*Problem to work on:* Beneath this instruction is a listing; print exactly the lines in it starting at the line that contains "Poarta Schei Residence - Brasov - 4" and going through the line that contains "9 Centre Avenue - Photo 7".

*Records provided:*
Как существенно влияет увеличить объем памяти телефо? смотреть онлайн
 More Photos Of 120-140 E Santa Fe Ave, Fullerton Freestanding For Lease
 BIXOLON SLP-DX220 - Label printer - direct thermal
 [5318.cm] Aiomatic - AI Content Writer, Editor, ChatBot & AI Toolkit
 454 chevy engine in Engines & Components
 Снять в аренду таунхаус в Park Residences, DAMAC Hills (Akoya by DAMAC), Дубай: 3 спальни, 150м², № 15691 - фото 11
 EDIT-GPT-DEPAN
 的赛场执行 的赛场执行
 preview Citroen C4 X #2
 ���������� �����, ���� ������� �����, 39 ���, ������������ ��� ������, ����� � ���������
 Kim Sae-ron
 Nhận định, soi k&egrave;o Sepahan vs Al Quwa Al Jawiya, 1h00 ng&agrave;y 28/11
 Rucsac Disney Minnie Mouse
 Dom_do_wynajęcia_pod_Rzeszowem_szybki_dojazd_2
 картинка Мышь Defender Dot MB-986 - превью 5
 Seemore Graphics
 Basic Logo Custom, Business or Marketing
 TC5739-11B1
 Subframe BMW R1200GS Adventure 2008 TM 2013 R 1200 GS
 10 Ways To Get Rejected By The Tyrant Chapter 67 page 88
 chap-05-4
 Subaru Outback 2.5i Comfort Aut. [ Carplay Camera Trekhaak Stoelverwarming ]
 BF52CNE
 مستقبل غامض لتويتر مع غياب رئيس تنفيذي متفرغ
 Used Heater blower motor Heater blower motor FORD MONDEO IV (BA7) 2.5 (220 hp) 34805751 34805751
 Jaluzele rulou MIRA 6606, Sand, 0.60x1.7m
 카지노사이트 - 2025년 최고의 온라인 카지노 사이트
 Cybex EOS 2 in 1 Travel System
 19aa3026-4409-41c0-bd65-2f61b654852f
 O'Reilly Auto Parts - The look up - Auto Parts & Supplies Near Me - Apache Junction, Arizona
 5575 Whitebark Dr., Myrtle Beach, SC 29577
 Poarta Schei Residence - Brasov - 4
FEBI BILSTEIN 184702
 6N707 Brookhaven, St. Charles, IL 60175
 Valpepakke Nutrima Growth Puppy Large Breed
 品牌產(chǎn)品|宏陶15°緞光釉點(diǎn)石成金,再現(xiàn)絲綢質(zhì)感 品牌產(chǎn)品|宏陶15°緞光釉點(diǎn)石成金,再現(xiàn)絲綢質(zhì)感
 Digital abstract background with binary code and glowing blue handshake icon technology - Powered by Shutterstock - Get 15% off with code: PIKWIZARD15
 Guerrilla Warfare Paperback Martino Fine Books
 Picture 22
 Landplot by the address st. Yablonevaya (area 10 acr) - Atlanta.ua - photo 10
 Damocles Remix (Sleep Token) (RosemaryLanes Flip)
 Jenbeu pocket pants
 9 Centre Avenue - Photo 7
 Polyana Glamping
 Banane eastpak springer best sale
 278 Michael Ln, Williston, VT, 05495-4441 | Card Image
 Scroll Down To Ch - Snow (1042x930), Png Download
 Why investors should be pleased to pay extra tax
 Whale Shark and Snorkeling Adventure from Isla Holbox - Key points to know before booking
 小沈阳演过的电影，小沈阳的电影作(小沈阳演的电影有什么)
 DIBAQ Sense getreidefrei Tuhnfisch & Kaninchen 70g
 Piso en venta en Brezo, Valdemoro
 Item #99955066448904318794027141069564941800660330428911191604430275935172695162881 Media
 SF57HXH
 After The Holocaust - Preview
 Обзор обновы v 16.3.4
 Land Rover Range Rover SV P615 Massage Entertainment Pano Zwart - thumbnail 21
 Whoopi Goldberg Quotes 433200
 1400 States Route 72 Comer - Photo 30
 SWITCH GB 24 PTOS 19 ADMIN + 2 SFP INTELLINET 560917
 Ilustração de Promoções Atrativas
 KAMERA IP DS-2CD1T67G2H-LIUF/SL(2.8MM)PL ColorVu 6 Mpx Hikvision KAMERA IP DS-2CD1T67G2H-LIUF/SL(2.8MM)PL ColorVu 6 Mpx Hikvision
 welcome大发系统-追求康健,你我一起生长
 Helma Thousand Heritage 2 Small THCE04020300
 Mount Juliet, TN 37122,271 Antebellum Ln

*Exercise output:*
 Poarta Schei Residence - Brasov - 4
FEBI BILSTEIN 184702
 6N707 Brookhaven, St. Charles, IL 60175
 Valpepakke Nutrima Growth Puppy Large Breed
 品牌產(chǎn)品|宏陶15°緞光釉點(diǎn)石成金,再現(xiàn)絲綢質(zhì)感 品牌產(chǎn)品|宏陶15°緞光釉點(diǎn)石成金,再現(xiàn)絲綢質(zhì)感
 Digital abstract background with binary code and glowing blue handshake icon technology - Powered by Shutterstock - Get 15% off with code: PIKWIZARD15
 Guerrilla Warfare Paperback Martino Fine Books
 Picture 22
 Landplot by the address st. Yablonevaya (area 10 acr) - Atlanta.ua - photo 10
 Damocles Remix (Sleep Token) (RosemaryLanes Flip)
 Jenbeu pocket pants
 9 Centre Avenue - Photo 7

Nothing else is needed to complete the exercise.